J. & C.'s Movie Reviews

Our Notes on Movies Made Public

The Thief of Bagdad (1940)

Posted by J on September 14, 2008

No, this is not about Saddam Hussein.  The Thief of Bagdad is an early special effects fantasy, most of it ripped from the pages of the altered Arabian Nights.  You’ll see sultans riding horses that fly and deposed kings commanding genies and surfing the sky on flying carpets.  These fanciful stories came from the Persian tales in Arabian Nights — just as with Disney’s Aladdin — which were combined with the starker Arab tales to get the 1001 Nights that Brits and educated Americans knew by the the eighteenth century.

It’s ironic, then, that this is a tale about Bagdad and Basra, when so many of its narrative elements are Persian.  We lump Iran and Iraq in the “Axis of Evil” these days, but we forget they massacred each other in a long war in the 1980s.  But a big difference to people on that side of the world is no difference to us on this side of the world, where we are free to label all those places over there “Oriental” and call it a day.

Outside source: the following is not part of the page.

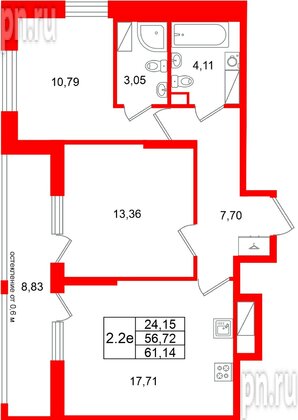 Квартира в ЖК «Город звёзд», 2 комнатная, 56.72 м², 20 этаж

They wouldn’t make a movie like this today.  Not while we’re occupying one-third of the Axis of Evil and antagonizing and being antagonized by another third of it.  The Thief of Bagdad is way too fanciful.  Instead, they’ll be making Three Kings and sentimental humanist tearjerkers about war and loss for at least another decade.  So enjoy what The Thief of Bagdad has to offer.

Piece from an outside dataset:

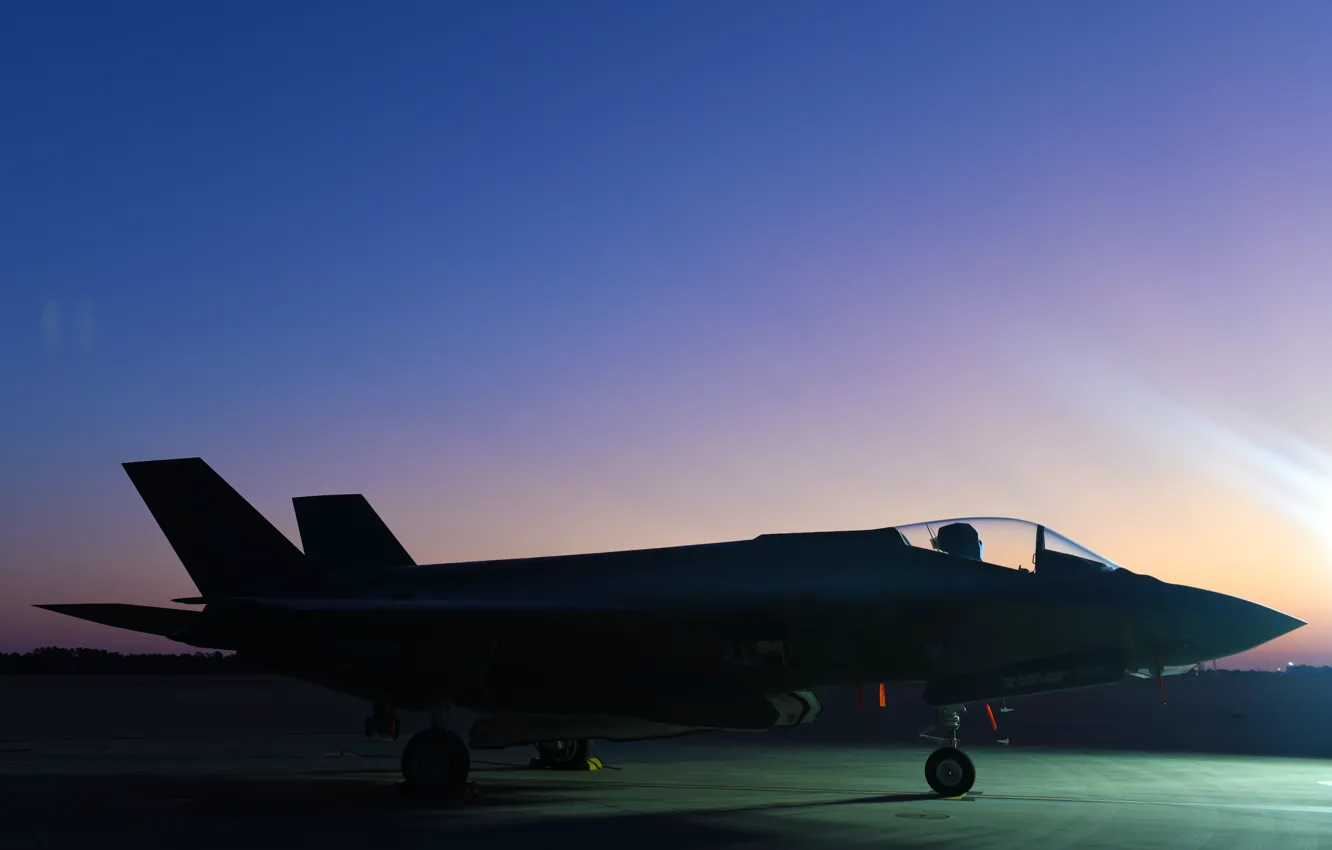 Фото обои ВВС США, истребитель-бомбардировщик, Lockheed Martin, F-35A, Lightning-II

What it offers, as Roger Ebert argues, is well-employed special effects.  But we disagree with Roger.   Any event can happen in this movie because no event is out of bounds.  The plot can go wherever the writers desire; it just happened that they desired it to feature a mountainous, flying genie and a deadly, Dodge-Ram-size spider.  It could’ve been a flying spider and a deadly genie, but the king still would’ve gotten his girl and his kingdom back in the end.

What The Thief of Bagdad really offers is brightly colored costumes, sets, and matte paintings.  They are everywhere, in every scene.  We’ve seen few movies that look like this.  The best word for it is eye-popping.  Not that we are violating our general movie rule, which is that style is not to trump substance.  But style is the chief reason to watch The Thief of Bagdad, the plot being pedestrian.  Though it is “imaginative,” too, whatever that means.

The DVD features a commentary from Francis Ford Coppola and Martin Scorcese, who wax nostalgic about Thief of Bagdad ‘s wondrous imagination.  This sentiment does nothing but date Coppola and Scorcese.  Kids today, who have consumed heavy doses of CGI-filled blockbusters, will not find some of this movie’s phony-looking effects breathtaking. That includes us.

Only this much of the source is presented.